That's another thing about the expansion. If it comes free on the newer units why should we have to pay $100 for it to put it on the older ones? I'd be fine with paying $25 or something, but $100 is a good chunk of cash.

Also, I'm glad this thread picked up!


----------



## pitbulltodd (Jan 10, 2012)

Levi79 said:


> These are both good tones and do demonstrate that the 11R can easily more than handle metal stuff, but if these used the expansion, it really doesn't have me convinced. I might seem like a total douche for saying this or whatever, but I honestly think I get just as good or better tone than these guys already.


dave reeves didn't use the expansion pack for his cd and you're not a douche, LOL. great thread by the way.


----------



## Sonicboom (Jan 11, 2012)

Yup, That patch wasn't with the Expansion. I'm sure the AxeFx is a lot more machine and amps and effects and so on. I would love one, but . . . I got my 11R for way less than retail and an AxeFx would cost me more than double the price. Good unit that is very user friendly and has some killer sounds. Make your own patches, or download some from the user forum. the presets aren't all that good.


----------



## Levi79 (Jan 12, 2012)

For sure. For the going price of an Axe FX vs. going price of an 11R new or used, the 11R really can't be beat. If you could get an Axe for the same price or maybe a couple hundred more it might be worth it....

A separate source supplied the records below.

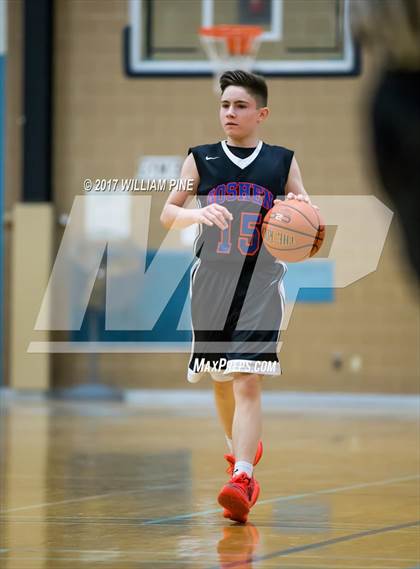Thumbnail 3 in New Paltz vs. Goshen Central (Officials vs Cancer) photogallery.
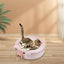 Cute Cat Scratcher Natural Sisal Bed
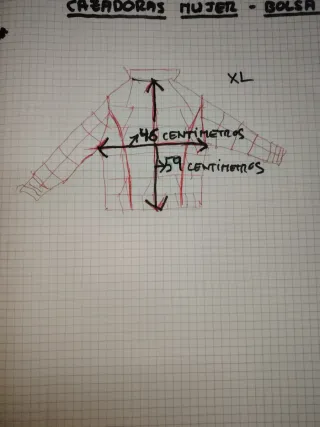 Chaqueta Cricket Mujer Blanca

Speaking of that.... I might be betraying this thread already. Even though I created it haha.


----------



## ZEBOV (Jan 17, 2012)

^GTFO traitor!


JK...
I'm about to pull the trigger on a Carvin bass. Does the 11R have anything for bass? If not, no big deal since I have a (rare) bass amp.


----------



## atimoc (Jan 17, 2012)

The expansion pack has one Ampeg model, this guy made a demo vid about it.



The guy has a bunch of cool other 11R videos as well, I wonder if he posts here?


----------



## Levi79 (Jan 17, 2012)

Yeah, sorry guys.
http://www.sevenstring.org/forum/gear-equipment/184160-ngd-i-stole-axe-fx.html


----------



## ZEBOV (Jan 18, 2012)

Levi79 said:


> Yeah, sorry guys.
> http://www.sevenstring.org/forum/gear-equipment/184160-ngd-i-stole-axe-fx.html








That's you in the wheelchair.


----------



## benjaminbuisine (Jan 18, 2012)

I just start guitar tracking yesterday with my 11R. First feelings : AWESOME!

Just plug and play in your DAW (I use FL10). Can wait to track a entire song (gtr/ bass/ keys /vox)


----------



## ZEBOV (Feb 2, 2012)

I think this thread deserves a bump.


----------



## Blind Theory (Feb 2, 2012)

Yes it does. I am going to get one here in a month or so. The video by Dingle1 on Youtube of him going through metal presets alone makes me want one. The tones he got with the Diezel VH4 and Bogner Ubershall presets are the ones that got me all excited.


----------



## lurgar (Feb 2, 2012)

I'm *this* close to securing mine. Can't wait to get it and start making some tones.


----------



## Blind Theory (Feb 2, 2012)

Well, after talking with my parentals, I don't have to pay my wee little rent until my second check of the month so I am ordering my Eleven Rack tomorrow. I am excited like a crazy bastard! My first rack unit/quality amp is making me happy and I don't even have it yet.


----------



## pitbulltodd (Feb 2, 2012)

Blind Theory said:


> Well, after talking with my parentals, I don't have to pay my wee little rent until my second check of the month so I am ordering my Eleven Rack tomorrow. I am excited like a crazy bastard! My first rack unit/quality amp is making me happy and I don't even have it yet.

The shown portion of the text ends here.